Segment Open

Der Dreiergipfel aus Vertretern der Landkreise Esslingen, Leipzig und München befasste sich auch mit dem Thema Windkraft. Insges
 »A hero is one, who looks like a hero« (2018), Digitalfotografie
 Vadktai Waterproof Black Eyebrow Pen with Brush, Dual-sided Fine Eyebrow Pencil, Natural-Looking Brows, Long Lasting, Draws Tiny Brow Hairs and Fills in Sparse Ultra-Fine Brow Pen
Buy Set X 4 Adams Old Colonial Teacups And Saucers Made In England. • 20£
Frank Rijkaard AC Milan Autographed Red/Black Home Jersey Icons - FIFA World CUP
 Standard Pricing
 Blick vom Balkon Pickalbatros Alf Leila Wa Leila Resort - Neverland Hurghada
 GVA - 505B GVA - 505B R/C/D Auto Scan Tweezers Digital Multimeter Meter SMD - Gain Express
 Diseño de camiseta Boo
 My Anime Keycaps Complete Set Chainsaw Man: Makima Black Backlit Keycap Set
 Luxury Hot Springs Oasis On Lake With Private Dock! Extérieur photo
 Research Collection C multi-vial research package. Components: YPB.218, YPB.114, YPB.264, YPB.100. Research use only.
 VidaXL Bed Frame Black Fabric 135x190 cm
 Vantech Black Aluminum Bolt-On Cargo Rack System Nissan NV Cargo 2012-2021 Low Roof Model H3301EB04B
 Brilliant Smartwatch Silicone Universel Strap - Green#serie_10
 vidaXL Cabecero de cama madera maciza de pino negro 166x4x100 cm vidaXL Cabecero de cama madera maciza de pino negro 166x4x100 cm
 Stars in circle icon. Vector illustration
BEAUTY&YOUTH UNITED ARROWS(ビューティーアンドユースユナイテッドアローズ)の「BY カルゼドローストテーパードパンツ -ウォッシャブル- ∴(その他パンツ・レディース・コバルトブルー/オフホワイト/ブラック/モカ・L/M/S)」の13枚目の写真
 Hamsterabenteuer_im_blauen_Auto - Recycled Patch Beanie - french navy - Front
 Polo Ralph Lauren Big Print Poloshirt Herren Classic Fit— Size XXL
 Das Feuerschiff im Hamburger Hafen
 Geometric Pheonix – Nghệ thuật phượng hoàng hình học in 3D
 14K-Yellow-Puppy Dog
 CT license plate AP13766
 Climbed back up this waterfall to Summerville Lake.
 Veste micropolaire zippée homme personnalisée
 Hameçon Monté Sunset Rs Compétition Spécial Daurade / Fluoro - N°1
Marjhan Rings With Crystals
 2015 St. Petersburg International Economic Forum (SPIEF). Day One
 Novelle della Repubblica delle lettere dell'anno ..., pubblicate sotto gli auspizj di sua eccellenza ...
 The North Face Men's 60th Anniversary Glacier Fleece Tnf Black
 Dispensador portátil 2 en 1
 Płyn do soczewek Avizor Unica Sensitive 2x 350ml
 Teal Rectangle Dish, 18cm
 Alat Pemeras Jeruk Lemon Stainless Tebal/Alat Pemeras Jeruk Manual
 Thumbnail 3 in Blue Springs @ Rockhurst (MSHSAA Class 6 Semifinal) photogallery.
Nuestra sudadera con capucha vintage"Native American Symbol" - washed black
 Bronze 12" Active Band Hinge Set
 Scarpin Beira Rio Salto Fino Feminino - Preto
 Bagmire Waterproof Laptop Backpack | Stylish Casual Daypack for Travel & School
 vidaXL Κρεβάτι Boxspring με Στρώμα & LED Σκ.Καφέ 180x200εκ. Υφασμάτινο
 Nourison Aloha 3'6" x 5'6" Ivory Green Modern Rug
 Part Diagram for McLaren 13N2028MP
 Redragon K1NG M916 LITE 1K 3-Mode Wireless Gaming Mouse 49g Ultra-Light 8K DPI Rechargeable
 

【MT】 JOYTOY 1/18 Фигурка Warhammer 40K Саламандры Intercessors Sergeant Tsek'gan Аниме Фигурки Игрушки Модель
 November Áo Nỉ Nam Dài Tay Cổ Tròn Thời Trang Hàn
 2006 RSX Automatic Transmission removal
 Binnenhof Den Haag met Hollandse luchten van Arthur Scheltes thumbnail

Segment Closed

→ **Exercise goal**:
Beginning with the line holding "Płyn do soczewek" and ending with the line holding "Bagmire Waterproof Laptop", write out the stretch of material above exactly; add no further lines.

→ **Result of the task**:
 Płyn do soczewek Avizor Unica Sensitive 2x 350ml
 Teal Rectangle Dish, 18cm
 Alat Pemeras Jeruk Lemon Stainless Tebal/Alat Pemeras Jeruk Manual
 Thumbnail 3 in Blue Springs @ Rockhurst (MSHSAA Class 6 Semifinal) photogallery.
Nuestra sudadera con capucha vintage"Native American Symbol" - washed black
 Bronze 12" Active Band Hinge Set
 Scarpin Beira Rio Salto Fino Feminino - Preto
 Bagmire Waterproof Laptop Backpack | Stylish Casual Daypack for Travel & School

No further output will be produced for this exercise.